**What the exercise asks**
Restate word for word the entries below, starting at the line with "Morchari Peach Cotton" and ending at the line with "LEVI'S リーバイス デニム". Keep both end lines and omit the pictures.
---------- Data shown
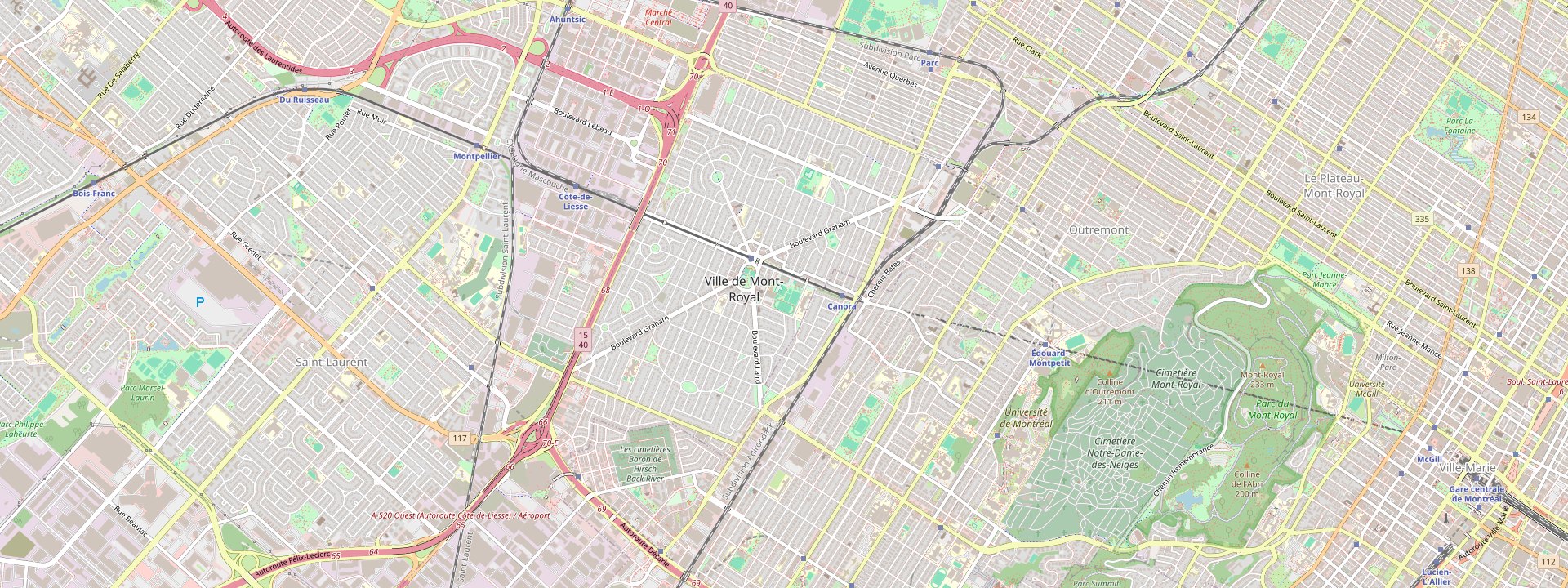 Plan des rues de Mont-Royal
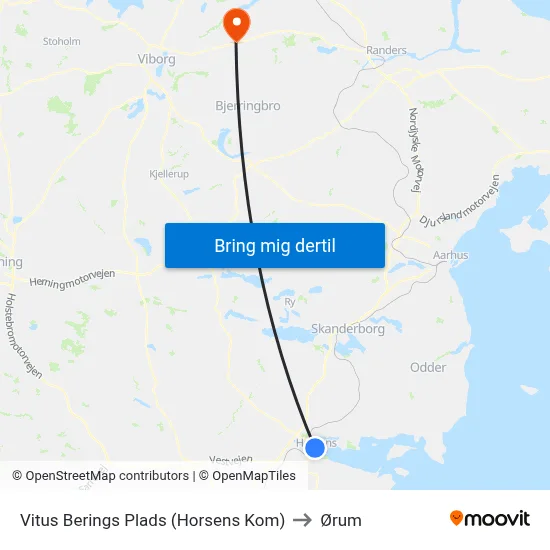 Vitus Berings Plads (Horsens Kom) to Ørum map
--------------------
---------- Data shown
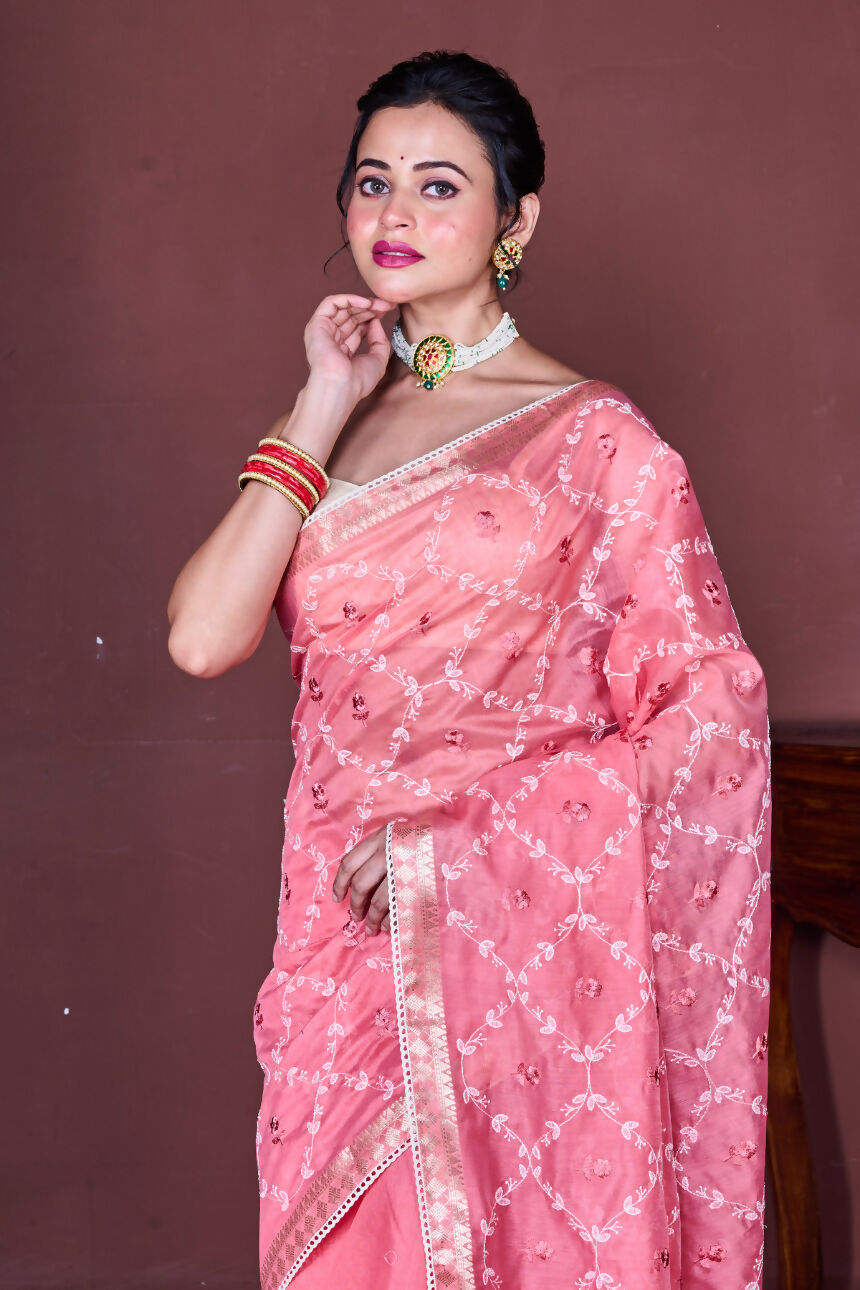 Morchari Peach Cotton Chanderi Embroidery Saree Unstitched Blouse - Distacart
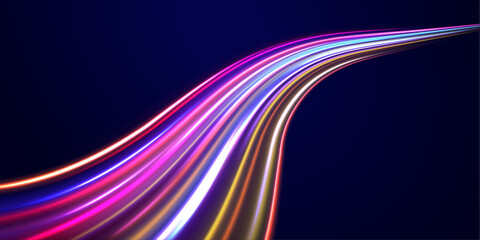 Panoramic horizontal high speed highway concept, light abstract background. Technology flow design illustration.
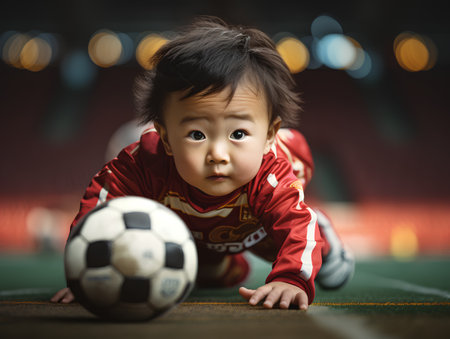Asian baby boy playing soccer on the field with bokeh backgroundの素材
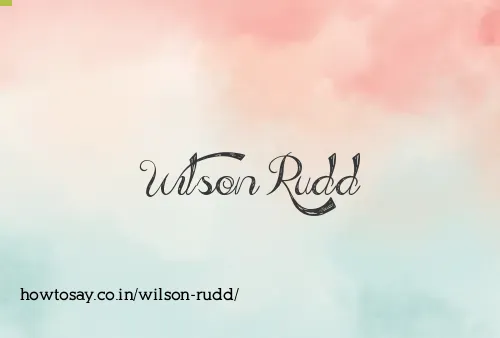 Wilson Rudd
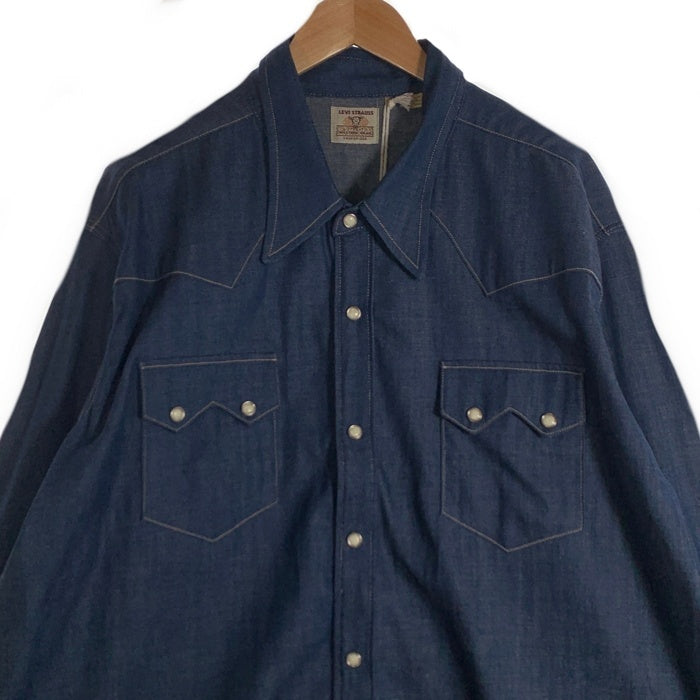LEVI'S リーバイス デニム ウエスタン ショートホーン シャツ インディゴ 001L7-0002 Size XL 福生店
--------------------
---------- Data shown
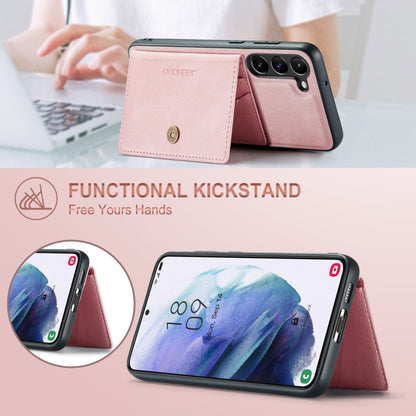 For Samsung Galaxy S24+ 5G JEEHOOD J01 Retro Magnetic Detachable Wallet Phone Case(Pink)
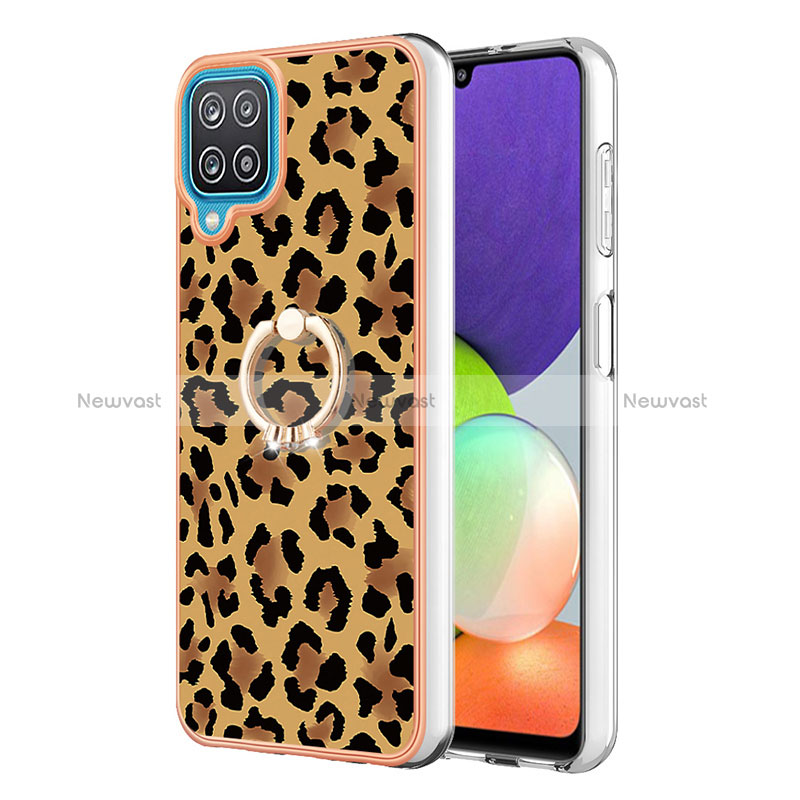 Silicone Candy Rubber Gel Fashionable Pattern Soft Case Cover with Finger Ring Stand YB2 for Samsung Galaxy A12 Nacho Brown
--------------------
**Answer section**
 Morchari Peach Cotton Chanderi Embroidery Saree Unstitched Blouse - Distacart
 Panoramic horizontal high speed highway concept, light abstract background. Technology flow design illustration.
Asian baby boy playing soccer on the field with bokeh backgroundの素材
 Wilson Rudd
LEVI'S リーバイス デニム ウエスタン ショートホーン シャツ インディゴ 001L7-0002 Size XL 福生店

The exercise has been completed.